» **Task prompt**: An exact copy of every line from the one holding "Sleeveless textured knit" to the end of the entries below is required; leave the pictures out.

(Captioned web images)
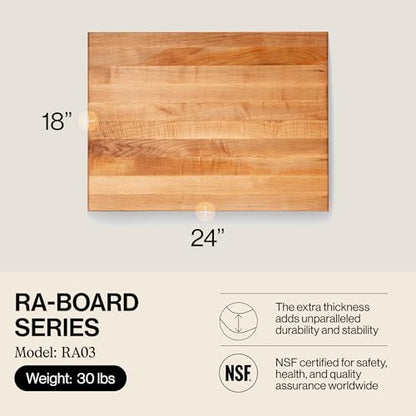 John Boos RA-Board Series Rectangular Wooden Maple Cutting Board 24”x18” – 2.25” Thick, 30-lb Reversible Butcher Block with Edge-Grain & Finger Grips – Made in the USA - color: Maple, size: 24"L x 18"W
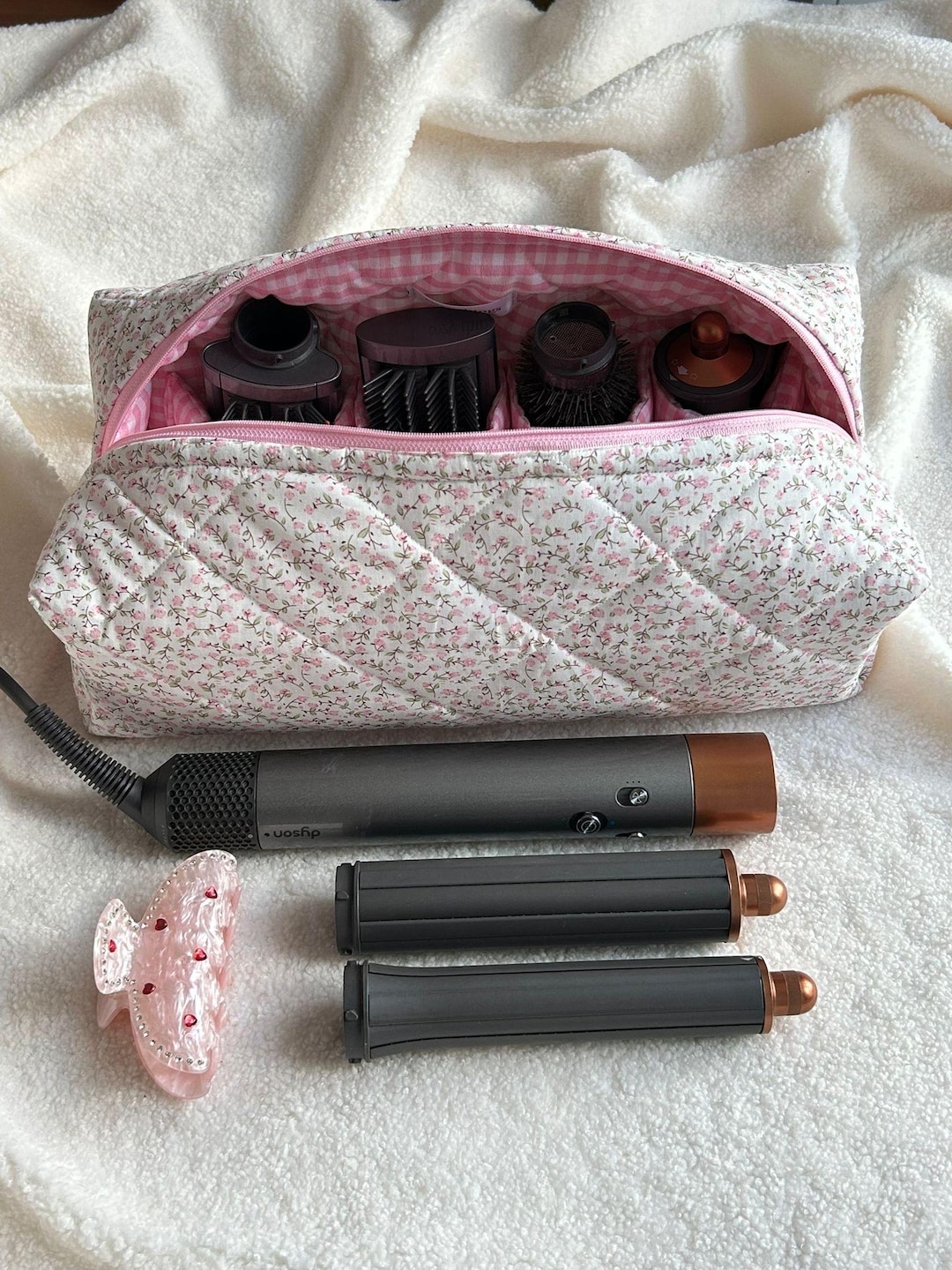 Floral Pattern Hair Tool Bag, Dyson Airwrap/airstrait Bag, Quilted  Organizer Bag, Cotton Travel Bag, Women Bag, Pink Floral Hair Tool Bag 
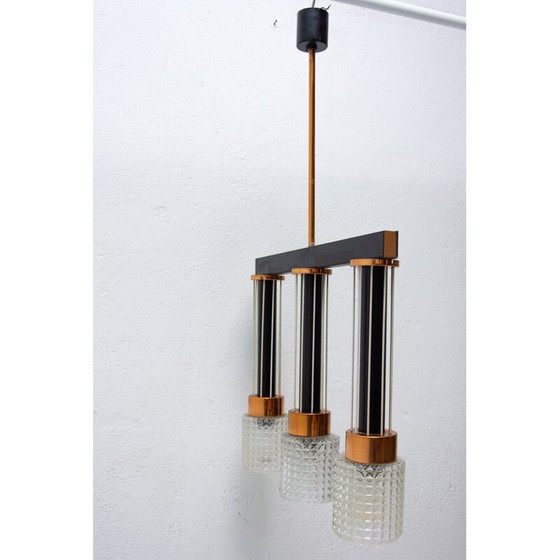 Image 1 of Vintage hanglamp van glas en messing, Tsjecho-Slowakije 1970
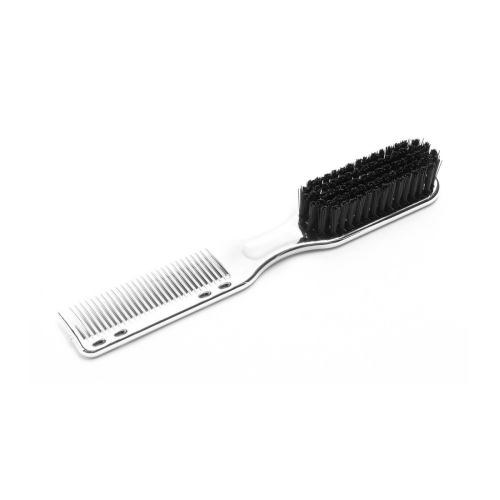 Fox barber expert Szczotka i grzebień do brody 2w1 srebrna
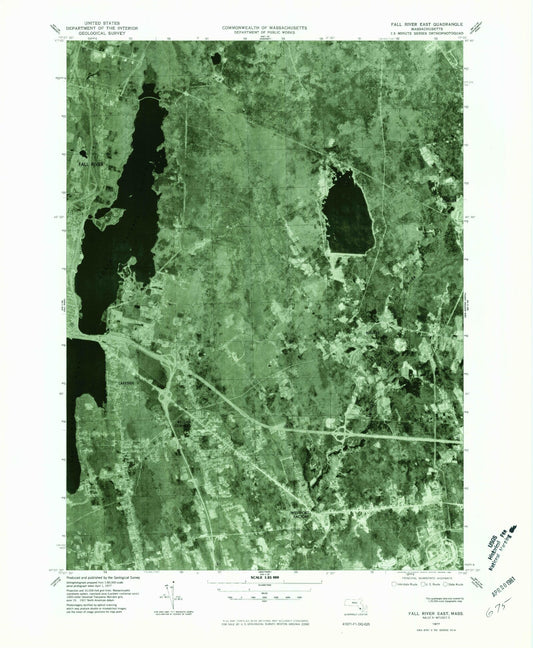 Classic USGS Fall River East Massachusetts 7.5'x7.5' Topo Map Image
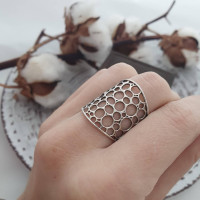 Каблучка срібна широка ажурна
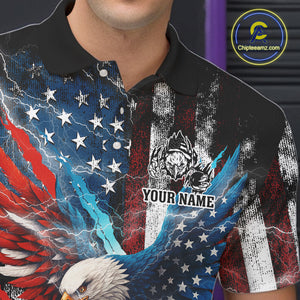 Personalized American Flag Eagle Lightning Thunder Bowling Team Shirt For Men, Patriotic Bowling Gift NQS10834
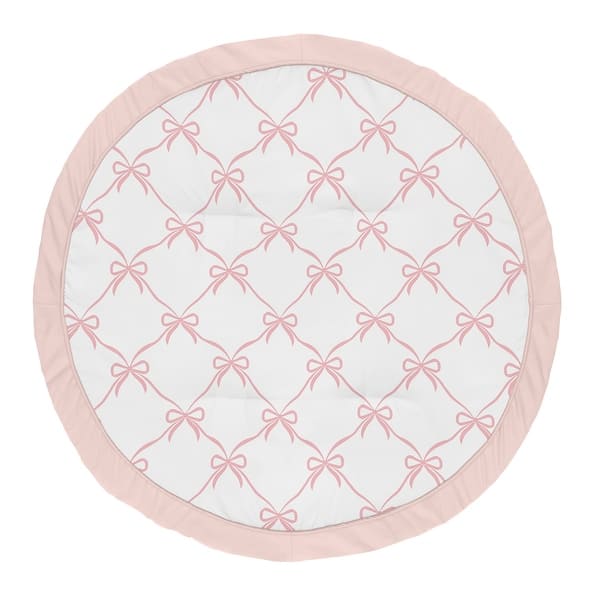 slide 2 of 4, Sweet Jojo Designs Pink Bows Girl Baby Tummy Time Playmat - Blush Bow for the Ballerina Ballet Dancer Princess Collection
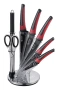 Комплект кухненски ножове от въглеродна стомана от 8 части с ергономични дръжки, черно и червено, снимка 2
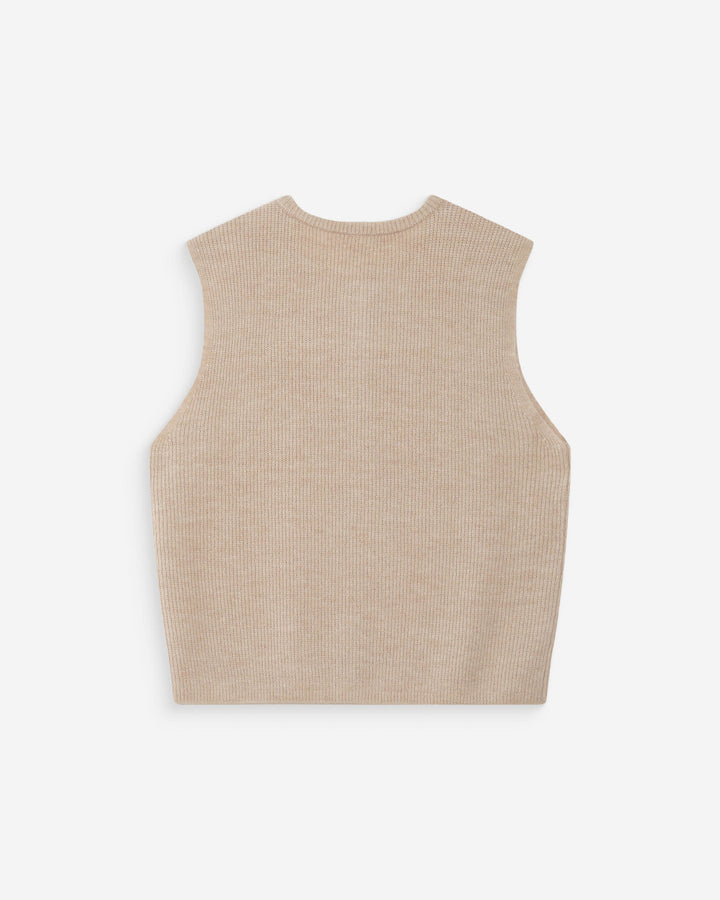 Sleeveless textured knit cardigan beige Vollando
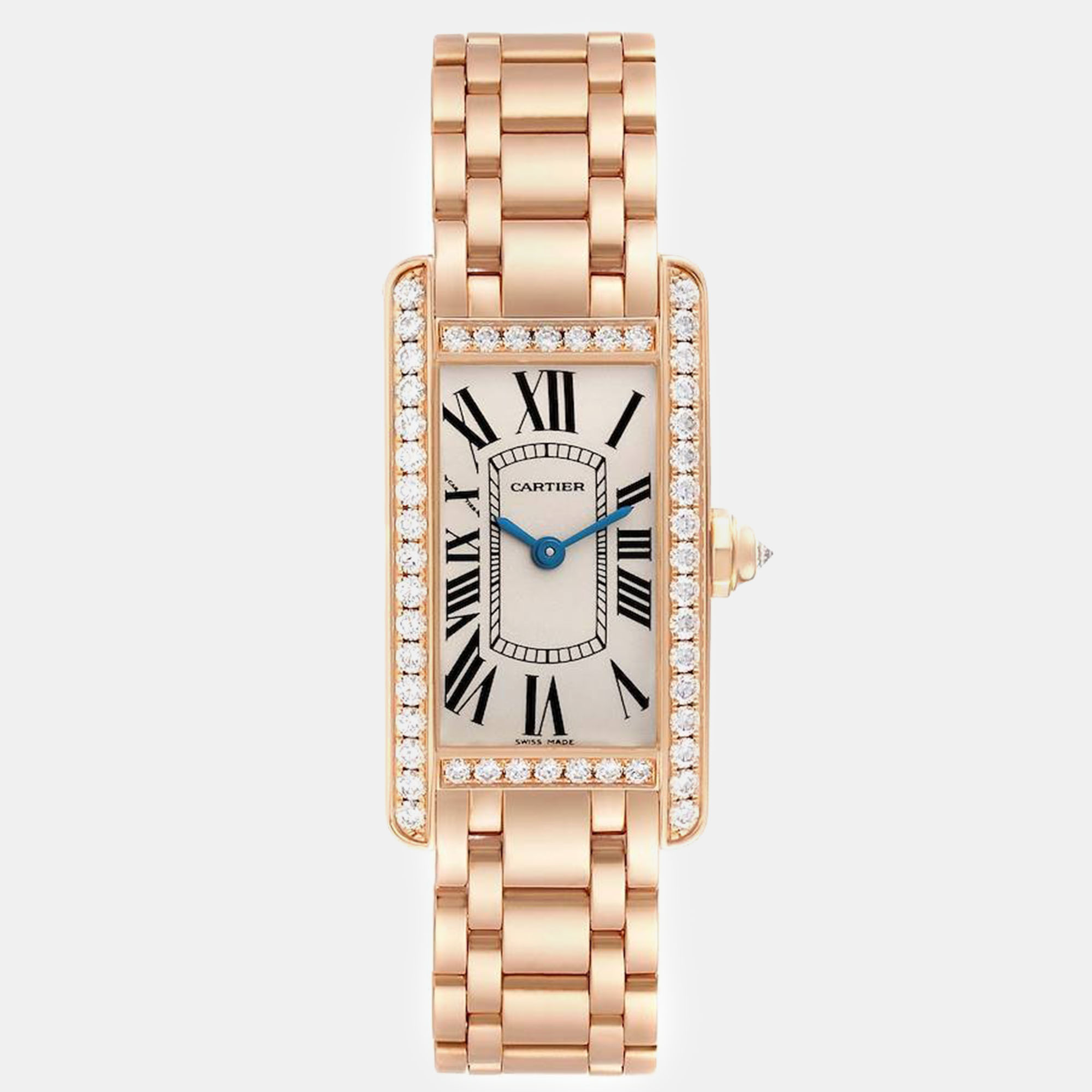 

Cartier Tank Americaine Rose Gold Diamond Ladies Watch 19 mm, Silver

» **Written solution**:
 Sleeveless textured knit cardigan beige Vollando

Cartier Tank Americaine Rose Gold Diamond Ladies Watch 19 mm, Silver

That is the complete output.